I agree that we currently don’t have (and may never have) a completely accurate map of which physical structures and interactions within the brain are attributable to which mental states and perceptions. But the example you gave of the patient identifying the portion of her brain that was associated with her condition does not imply that there is necessarily anything beyond the physical. As far as I can see, your assertions to the contrary do not follow logically from the examples you’ve given, nor have you offered any other substantiation.
 
inocente;14067195:
btw the use of technology to detect a malfunction also proves the mind is the physical activity of the brain. Thanks for pointing that out.
Actually, it “proves” no such thing. It proves some kind of correlation between mind and brain, but it doesn’t prove the mind is the physical activity of the brain. If it did then the fact that a driver of an automobile moves their hands or feet every time the automobile changes direction or moves is “proof” that the driver is the “physical activity” of the automobile.
And if the driver dies at the controls, the car will lose control.

You say it proves a correlation between mind and brain. So there is no onus to prove that. Do you have a case which proves no correlation between mind and brain? If so let’s hear it, otherwise what’s the problem?
 
Based on probability, if one had to make a choice, is it more reasonable to be an Atheist or a Theist. Which is more likely to be true given human experience and the evidence.

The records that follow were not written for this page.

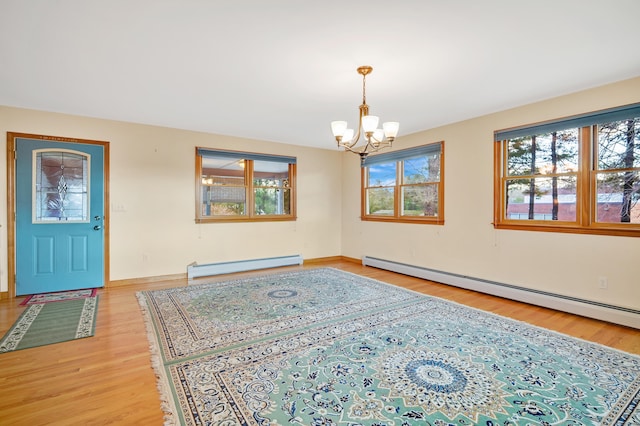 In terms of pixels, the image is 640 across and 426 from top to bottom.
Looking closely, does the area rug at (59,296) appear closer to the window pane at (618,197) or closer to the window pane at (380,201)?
the window pane at (380,201)

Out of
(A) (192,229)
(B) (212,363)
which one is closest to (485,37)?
(B) (212,363)

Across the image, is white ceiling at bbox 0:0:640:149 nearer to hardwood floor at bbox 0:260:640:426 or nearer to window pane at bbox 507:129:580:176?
window pane at bbox 507:129:580:176

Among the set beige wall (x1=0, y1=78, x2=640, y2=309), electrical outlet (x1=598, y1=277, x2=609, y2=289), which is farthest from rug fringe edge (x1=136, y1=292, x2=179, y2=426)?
electrical outlet (x1=598, y1=277, x2=609, y2=289)

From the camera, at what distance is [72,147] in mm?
4438

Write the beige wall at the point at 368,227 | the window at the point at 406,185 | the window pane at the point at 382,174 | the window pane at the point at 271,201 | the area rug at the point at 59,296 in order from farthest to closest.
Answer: the window pane at the point at 271,201
the window pane at the point at 382,174
the window at the point at 406,185
the area rug at the point at 59,296
the beige wall at the point at 368,227

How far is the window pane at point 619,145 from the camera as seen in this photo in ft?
10.5

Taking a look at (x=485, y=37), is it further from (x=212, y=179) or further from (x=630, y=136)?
(x=212, y=179)

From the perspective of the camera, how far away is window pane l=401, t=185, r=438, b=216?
5.22 m

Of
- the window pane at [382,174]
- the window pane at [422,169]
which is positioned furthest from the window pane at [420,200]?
the window pane at [382,174]

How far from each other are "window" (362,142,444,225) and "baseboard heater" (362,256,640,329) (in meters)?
0.88

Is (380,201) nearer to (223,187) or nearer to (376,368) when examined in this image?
(223,187)

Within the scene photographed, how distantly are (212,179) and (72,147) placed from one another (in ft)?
6.67

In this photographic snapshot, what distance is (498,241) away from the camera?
14.0 ft

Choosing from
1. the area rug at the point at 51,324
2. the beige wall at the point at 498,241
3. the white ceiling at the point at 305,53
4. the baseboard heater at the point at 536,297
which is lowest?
the area rug at the point at 51,324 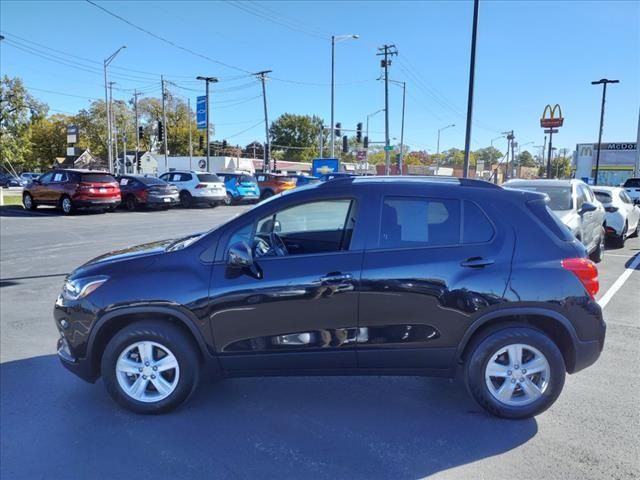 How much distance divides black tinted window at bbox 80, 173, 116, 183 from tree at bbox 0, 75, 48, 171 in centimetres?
4341

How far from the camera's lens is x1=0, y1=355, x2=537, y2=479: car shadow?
3.06 m

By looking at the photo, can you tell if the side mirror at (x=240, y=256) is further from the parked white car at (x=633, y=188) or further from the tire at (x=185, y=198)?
the parked white car at (x=633, y=188)

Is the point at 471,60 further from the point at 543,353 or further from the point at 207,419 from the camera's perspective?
the point at 207,419

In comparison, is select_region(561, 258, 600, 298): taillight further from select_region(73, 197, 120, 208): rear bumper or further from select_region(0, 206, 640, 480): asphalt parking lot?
select_region(73, 197, 120, 208): rear bumper

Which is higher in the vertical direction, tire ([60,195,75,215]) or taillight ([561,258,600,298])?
taillight ([561,258,600,298])

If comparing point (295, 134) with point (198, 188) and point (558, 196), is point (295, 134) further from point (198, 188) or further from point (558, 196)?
point (558, 196)

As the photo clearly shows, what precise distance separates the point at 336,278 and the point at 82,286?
1.90 m

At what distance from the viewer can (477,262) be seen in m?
3.48

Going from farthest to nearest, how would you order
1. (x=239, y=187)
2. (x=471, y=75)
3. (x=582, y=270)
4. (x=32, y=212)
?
(x=239, y=187) → (x=32, y=212) → (x=471, y=75) → (x=582, y=270)

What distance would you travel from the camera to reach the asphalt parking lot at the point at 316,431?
3.04 meters

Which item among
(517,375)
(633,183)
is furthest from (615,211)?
(633,183)

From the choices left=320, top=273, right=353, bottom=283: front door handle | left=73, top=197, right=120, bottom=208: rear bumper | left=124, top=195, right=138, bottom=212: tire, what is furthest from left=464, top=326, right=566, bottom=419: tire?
left=124, top=195, right=138, bottom=212: tire

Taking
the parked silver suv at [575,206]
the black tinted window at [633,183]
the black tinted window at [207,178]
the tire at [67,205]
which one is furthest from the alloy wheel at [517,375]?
the black tinted window at [633,183]

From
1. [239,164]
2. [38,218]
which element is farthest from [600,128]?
[239,164] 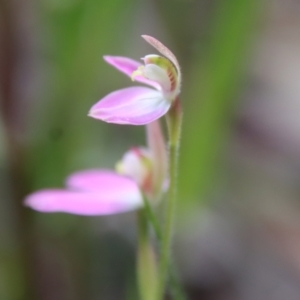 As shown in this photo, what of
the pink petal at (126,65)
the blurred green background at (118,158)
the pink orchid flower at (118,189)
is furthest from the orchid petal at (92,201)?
the blurred green background at (118,158)

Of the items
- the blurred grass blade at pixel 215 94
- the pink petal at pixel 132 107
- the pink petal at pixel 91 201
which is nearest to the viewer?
the pink petal at pixel 132 107

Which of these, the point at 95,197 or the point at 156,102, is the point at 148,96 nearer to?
the point at 156,102

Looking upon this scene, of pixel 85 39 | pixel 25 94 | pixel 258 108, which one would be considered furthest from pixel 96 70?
pixel 258 108

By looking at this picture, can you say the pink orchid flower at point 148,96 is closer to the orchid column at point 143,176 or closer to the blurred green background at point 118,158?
the orchid column at point 143,176

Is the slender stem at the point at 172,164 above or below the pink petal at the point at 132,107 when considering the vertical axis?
below

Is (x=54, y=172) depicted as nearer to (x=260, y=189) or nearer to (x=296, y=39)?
(x=260, y=189)

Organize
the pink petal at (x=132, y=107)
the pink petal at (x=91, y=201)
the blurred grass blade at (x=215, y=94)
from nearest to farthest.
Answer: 1. the pink petal at (x=132, y=107)
2. the pink petal at (x=91, y=201)
3. the blurred grass blade at (x=215, y=94) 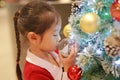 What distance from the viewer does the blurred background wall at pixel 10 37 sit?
4.98 feet

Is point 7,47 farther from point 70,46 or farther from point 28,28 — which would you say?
point 70,46

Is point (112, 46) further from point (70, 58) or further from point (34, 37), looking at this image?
point (34, 37)

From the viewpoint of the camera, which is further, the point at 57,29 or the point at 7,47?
the point at 7,47

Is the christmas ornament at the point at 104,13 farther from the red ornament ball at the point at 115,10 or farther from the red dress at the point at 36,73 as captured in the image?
the red dress at the point at 36,73

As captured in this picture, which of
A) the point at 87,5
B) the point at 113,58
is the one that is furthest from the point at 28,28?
the point at 113,58

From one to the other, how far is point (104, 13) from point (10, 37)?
1.18m

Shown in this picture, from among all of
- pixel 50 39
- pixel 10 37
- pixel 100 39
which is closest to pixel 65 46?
pixel 50 39

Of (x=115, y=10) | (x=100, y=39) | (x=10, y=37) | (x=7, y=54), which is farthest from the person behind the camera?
(x=7, y=54)

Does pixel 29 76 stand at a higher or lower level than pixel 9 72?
higher

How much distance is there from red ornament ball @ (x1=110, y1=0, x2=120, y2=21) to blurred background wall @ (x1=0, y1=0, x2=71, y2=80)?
0.67 metres

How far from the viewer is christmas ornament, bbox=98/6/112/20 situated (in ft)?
2.72

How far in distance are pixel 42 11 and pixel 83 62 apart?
0.38 metres

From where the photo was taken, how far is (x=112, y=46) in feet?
2.63

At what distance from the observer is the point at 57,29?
1156 mm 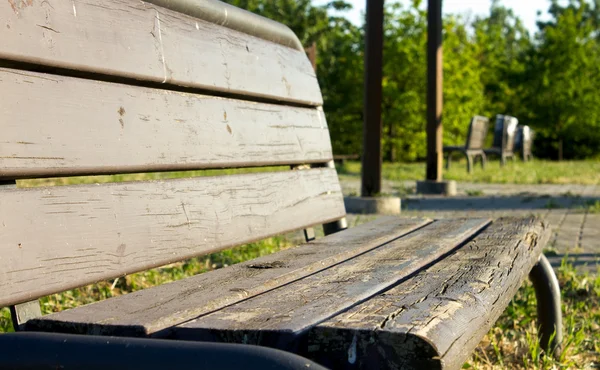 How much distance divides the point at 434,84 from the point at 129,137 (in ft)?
25.4

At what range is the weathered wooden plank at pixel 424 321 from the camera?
101 cm

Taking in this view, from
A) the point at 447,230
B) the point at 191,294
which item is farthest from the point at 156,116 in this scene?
the point at 447,230

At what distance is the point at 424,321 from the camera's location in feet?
3.60

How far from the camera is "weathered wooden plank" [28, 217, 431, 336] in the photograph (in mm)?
1174

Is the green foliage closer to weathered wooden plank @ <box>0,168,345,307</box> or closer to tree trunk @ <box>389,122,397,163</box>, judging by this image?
tree trunk @ <box>389,122,397,163</box>

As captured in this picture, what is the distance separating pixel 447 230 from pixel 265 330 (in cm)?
142

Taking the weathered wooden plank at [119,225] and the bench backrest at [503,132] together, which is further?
the bench backrest at [503,132]

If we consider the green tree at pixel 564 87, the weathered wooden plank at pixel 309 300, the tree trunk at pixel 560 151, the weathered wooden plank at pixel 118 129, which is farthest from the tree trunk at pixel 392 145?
the weathered wooden plank at pixel 309 300

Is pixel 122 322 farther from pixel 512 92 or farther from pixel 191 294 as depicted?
pixel 512 92

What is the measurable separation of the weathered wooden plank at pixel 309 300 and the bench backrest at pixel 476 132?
545 inches

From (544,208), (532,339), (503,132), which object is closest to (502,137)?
(503,132)

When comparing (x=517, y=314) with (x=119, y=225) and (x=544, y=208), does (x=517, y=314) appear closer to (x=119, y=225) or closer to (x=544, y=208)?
(x=119, y=225)

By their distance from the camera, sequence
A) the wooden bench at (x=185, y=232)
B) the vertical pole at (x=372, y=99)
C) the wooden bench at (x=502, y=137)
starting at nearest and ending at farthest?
the wooden bench at (x=185, y=232) < the vertical pole at (x=372, y=99) < the wooden bench at (x=502, y=137)

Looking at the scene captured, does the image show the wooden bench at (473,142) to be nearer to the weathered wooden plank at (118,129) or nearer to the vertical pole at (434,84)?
the vertical pole at (434,84) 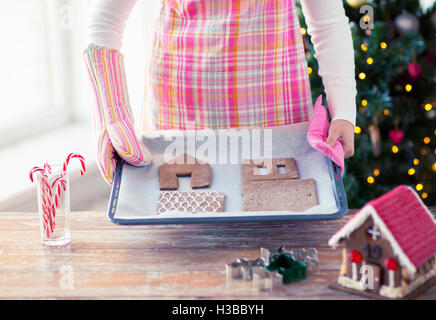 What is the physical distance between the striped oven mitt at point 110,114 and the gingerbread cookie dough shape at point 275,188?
23cm

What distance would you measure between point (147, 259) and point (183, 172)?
263 mm

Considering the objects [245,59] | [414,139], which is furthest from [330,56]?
[414,139]

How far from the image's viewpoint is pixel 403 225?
2.71ft

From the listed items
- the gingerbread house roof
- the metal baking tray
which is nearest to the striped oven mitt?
the metal baking tray

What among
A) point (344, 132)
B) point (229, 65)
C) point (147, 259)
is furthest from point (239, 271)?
point (229, 65)

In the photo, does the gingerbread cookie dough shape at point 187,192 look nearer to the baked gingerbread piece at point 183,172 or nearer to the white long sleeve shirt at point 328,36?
the baked gingerbread piece at point 183,172

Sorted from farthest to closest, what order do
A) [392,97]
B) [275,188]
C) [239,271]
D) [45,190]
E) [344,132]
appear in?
1. [392,97]
2. [344,132]
3. [275,188]
4. [45,190]
5. [239,271]

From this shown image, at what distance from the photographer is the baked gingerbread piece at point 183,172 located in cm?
119

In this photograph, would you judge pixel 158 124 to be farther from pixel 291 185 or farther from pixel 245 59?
pixel 291 185

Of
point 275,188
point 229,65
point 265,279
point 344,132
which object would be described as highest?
point 229,65

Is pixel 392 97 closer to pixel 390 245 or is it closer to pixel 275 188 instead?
pixel 275 188

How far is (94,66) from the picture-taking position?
123cm

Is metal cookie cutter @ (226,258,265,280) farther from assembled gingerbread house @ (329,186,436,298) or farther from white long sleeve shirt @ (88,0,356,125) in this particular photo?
white long sleeve shirt @ (88,0,356,125)

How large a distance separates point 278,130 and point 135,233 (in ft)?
1.39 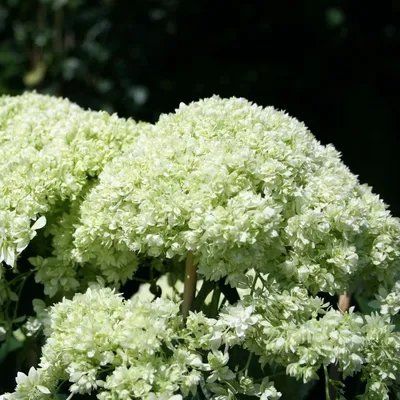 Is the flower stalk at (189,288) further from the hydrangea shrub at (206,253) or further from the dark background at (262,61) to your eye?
the dark background at (262,61)

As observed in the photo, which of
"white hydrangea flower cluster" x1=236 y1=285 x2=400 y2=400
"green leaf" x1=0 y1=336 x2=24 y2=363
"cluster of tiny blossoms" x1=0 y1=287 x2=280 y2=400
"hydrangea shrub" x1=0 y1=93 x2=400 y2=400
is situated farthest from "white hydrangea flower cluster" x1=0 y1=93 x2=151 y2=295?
"white hydrangea flower cluster" x1=236 y1=285 x2=400 y2=400

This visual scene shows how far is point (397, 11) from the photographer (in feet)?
13.3

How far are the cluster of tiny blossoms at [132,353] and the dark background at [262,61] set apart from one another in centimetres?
292

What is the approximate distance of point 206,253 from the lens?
4.11ft

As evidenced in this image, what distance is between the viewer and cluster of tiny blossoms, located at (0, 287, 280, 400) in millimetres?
1189

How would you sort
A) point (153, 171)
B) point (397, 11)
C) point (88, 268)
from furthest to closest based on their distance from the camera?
1. point (397, 11)
2. point (88, 268)
3. point (153, 171)

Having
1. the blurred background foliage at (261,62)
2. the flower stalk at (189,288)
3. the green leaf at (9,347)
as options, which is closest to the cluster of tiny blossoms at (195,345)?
the flower stalk at (189,288)

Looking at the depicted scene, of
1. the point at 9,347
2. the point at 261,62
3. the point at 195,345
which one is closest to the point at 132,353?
the point at 195,345

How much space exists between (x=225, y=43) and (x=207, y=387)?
315 cm

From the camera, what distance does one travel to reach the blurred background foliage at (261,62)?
4.13m

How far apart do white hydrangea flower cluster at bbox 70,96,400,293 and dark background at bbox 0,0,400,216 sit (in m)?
2.73

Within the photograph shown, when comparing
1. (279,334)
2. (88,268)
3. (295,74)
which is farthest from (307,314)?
(295,74)

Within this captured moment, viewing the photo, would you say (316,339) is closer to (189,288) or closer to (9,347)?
(189,288)

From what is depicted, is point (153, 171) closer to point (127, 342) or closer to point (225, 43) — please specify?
point (127, 342) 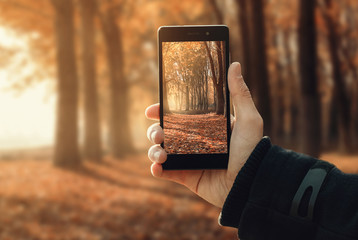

Which way does the pendulum of probability swing and why.
Flip a coin. 😉
 
The mind is most definitely not the physical activity of the brain. The banking system and the sociopolitical realities of this world are not the electronic infrastructure. The brain is part of the physical structure of the person. The connections in the brain are in large part organized in accordance with mental phenomena. And, the mind is related to the person’s soul, the spiritual capacity to relate, to connect with what is other, perceptually, with our thoughts, feelings and actions, most perfectly seen in the giving union that is love. There is no dualism; there is one person who can be understood from different perspectives. It is not dualistic thinking that a person is a taxpayer and a patient undergoing a medical procedure. The last sentence in the quote, to me suggests a dualistic understanding of the body and mind.
The last sentence you quoted was “Please explain how you think prodding you and asking where does it hurt has nothing to do with detecting the precise location using the patient’s subjective knowledge”. Subjective = “based on or influenced by personal feelings, tastes, or opinions”. I can’t work out why you think that has anything to do with dualism. Why do you think it does?
One does not eliminate dualism by eliminating one side. Mind and body are not separate entities and do not even intertwine. There is one person, one being, whom I see as 100% physical and 100% spiritual. The spiritual part is eternal, the physical transient, btw.
One definitely does eliminate dualism by eliminating one side. You’re left with either physicalism or idealism, depending on which you keep. Otherwise I agree, mind is looking top-down, brain bottom-up. Two-way street (neuroplasticity).
 
I agree that we currently don’t have (and may never have) a completely accurate map of which physical structures and interactions within the brain are attributable to which mental states and perceptions. But the example you gave of the patient identifying the portion of her brain that was associated with her condition does not imply that there is necessarily anything beyond the physical. As far as I can see, your assertions to the contrary do not follow logically from the examples you’ve given, nor have you offered any other substantiation.
We actually do have a very accurate map of the physical structures, including the tracts that link the various areas of the brain. The amount of information about the proteins that form the supporting structure and physiological activity of the functioning brain is astounding.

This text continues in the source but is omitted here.